Better String library Security Statement
----------------------------------------

by Paul Hsieh

===============================================================================

Introduction
------------

The Better String library (hereafter referred to as Bstrlib) is an attempt to 
provide improved string processing functionality to the C and C++ language.  
At the heart of the bstring library is the management of "bstring"s which are 
a significant improvement over '\0' terminated char buffers.  See the 
accompanying documenation file bstrlib.txt for more information.

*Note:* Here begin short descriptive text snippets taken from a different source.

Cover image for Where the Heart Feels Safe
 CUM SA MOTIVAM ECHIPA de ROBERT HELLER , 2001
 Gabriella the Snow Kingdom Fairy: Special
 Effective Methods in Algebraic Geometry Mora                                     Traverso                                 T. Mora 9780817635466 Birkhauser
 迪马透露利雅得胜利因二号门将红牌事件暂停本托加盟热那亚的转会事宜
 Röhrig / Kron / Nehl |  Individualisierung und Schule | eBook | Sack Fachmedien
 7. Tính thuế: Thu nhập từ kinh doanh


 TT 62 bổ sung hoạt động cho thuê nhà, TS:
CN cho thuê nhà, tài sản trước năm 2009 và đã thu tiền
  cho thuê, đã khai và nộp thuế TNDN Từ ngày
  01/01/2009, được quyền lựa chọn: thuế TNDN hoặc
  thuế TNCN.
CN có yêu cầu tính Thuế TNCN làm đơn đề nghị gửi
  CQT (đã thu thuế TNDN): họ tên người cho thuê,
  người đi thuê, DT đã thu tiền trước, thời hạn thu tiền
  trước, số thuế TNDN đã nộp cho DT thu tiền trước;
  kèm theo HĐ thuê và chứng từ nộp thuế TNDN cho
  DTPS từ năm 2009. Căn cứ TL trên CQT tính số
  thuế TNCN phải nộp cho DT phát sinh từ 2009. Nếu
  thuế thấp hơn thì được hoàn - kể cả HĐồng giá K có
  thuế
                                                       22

DISCLAIMER: THIS SOFTWARE IS PROVIDED BY THE COPYRIGHT HOLDERS AND 
CONTRIBUTORS "AS IS" AND ANY EXPRESS OR IMPLIED WARRANTIES, INCLUDING, BUT 
NOT LIMITED TO, THE IMPLIED WARRANTIES OF MERCHANTABILITY AND FITNESS FOR A 
PARTICULAR PURPOSE ARE DISCLAIMED. IN NO EVENT SHALL THE COPYRIGHT OWNER OR 
CONTRIBUTORS BE LIABLE FOR ANY DIRECT, INDIRECT, INCIDENTAL, SPECIAL, 
EXEMPLARY, OR CONSEQUENTIAL DAMAGES (INCLUDING, BUT NOT LIMITED TO, 
PROCUREMENT OF SUBSTITUTE GOODS OR SERVICES; LOSS OF USE, DATA, OR PROFITS; 
OR BUSINESS INTERRUPTION) HOWEVER CAUSED AND ON ANY THEORY OF LIABILITY, 
WHETHER IN CONTRACT, STRICT LIABILITY, OR TORT (INCLUDING NEGLIGENCE OR 
OTHERWISE) ARISING IN ANY WAY OUT OF THE USE OF THIS SOFTWARE, EVEN IF 
ADVISED OF THE POSSIBILITY OF SUCH DAMAGE.

Like any software, there is always a possibility of failure due to a flawed
implementation.  Nevertheless a good faith effort has been made to minimize 
such flaws in Bstrlib.  Also, use of Bstrlib by itself will not make an 
application secure or free from implementation failures.  However, it is the
author's belief that use of Bstrlib can greatly facilitate in the creating of
software meeting the highest possible standards of security.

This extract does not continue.